• _Dataset extract_:
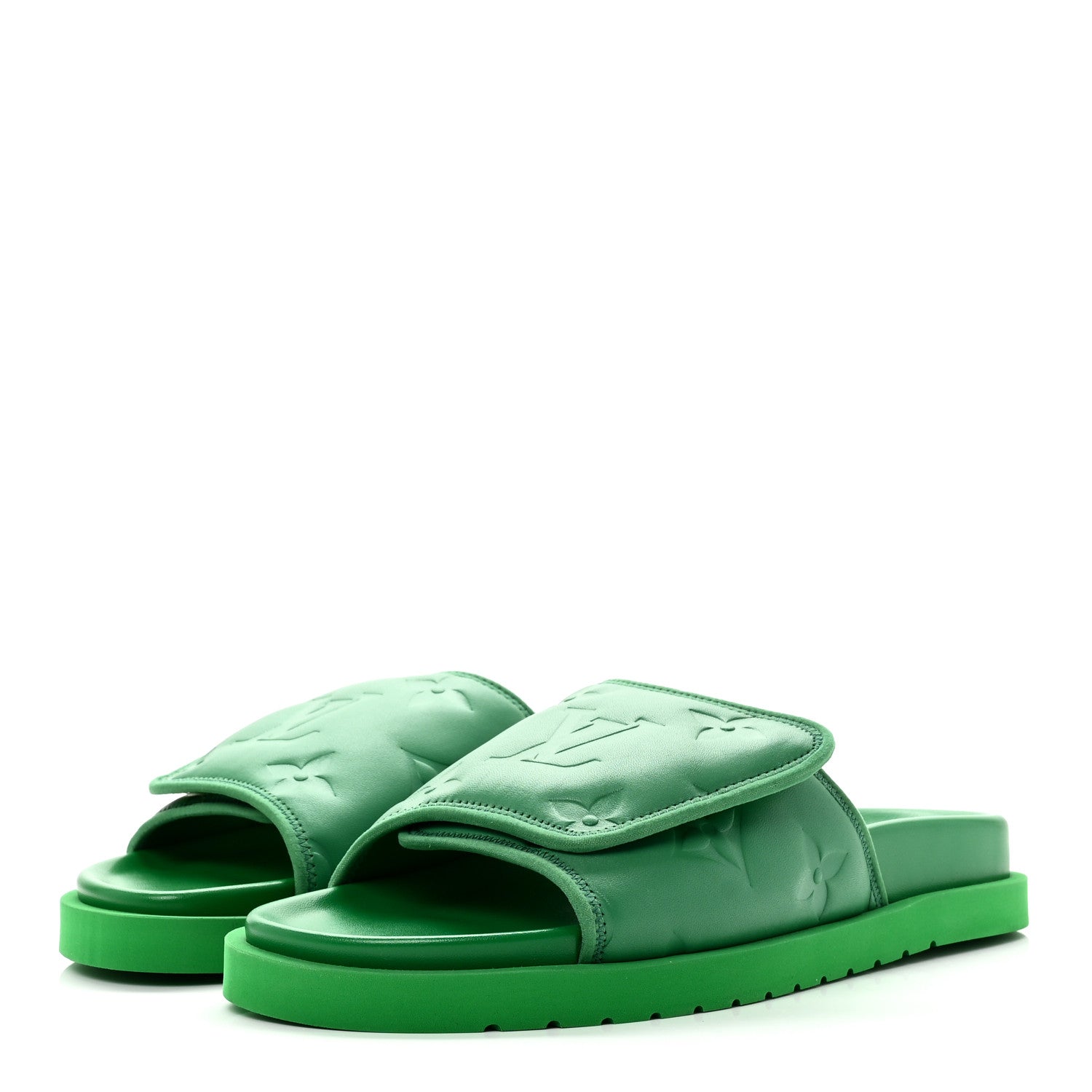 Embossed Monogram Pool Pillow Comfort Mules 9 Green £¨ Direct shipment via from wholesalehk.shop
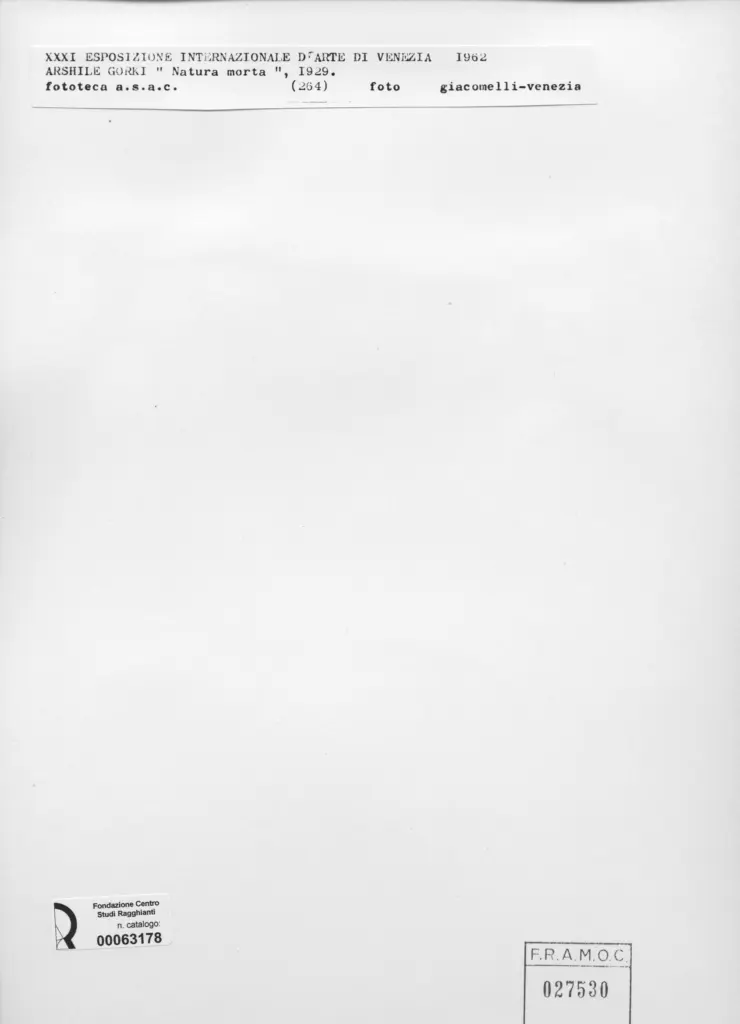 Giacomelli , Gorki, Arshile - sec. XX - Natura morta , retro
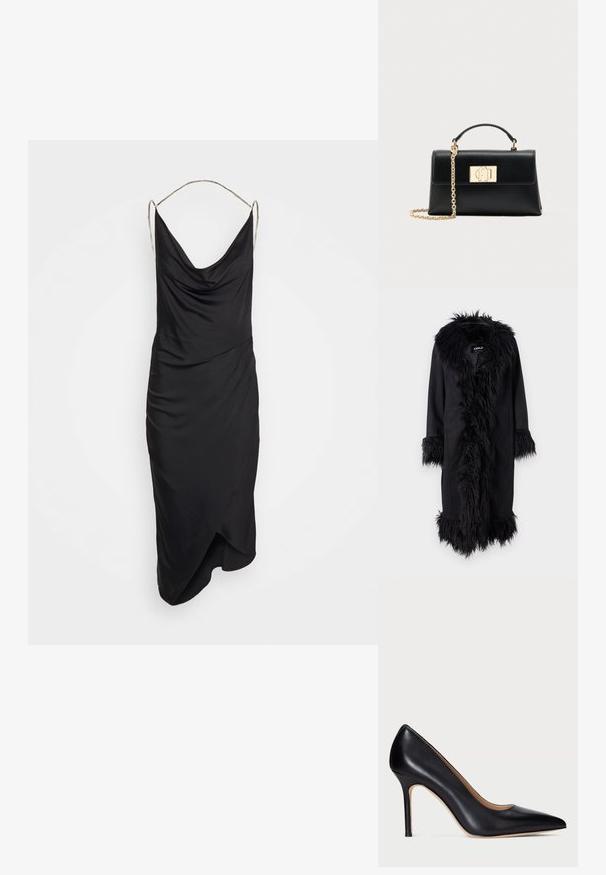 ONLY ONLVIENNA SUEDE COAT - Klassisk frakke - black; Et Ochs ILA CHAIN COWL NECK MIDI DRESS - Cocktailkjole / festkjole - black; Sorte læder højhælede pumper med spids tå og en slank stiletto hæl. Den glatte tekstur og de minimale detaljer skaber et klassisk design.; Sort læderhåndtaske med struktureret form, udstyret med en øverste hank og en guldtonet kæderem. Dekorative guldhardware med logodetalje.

• _Work item_:
Repeat the listing verbatim without its pictures.

• _Solution for this problem_:
 Embossed Monogram Pool Pillow Comfort Mules 9 Green £¨ Direct shipment via from wholesalehk.shop
 Giacomelli , Gorki, Arshile - sec. XX - Natura morta , retro
 ONLY ONLVIENNA SUEDE COAT - Klassisk frakke - black; Et Ochs ILA CHAIN COWL NECK MIDI DRESS - Cocktailkjole / festkjole - black; Sorte læder højhælede pumper med spids tå og en slank stiletto hæl. Den glatte tekstur og de minimale detaljer skaber et klassisk design.; Sort læderhåndtaske med struktureret form, udstyret med en øverste hank og en guldtonet kæderem. Dekorative guldhardware med logodetalje.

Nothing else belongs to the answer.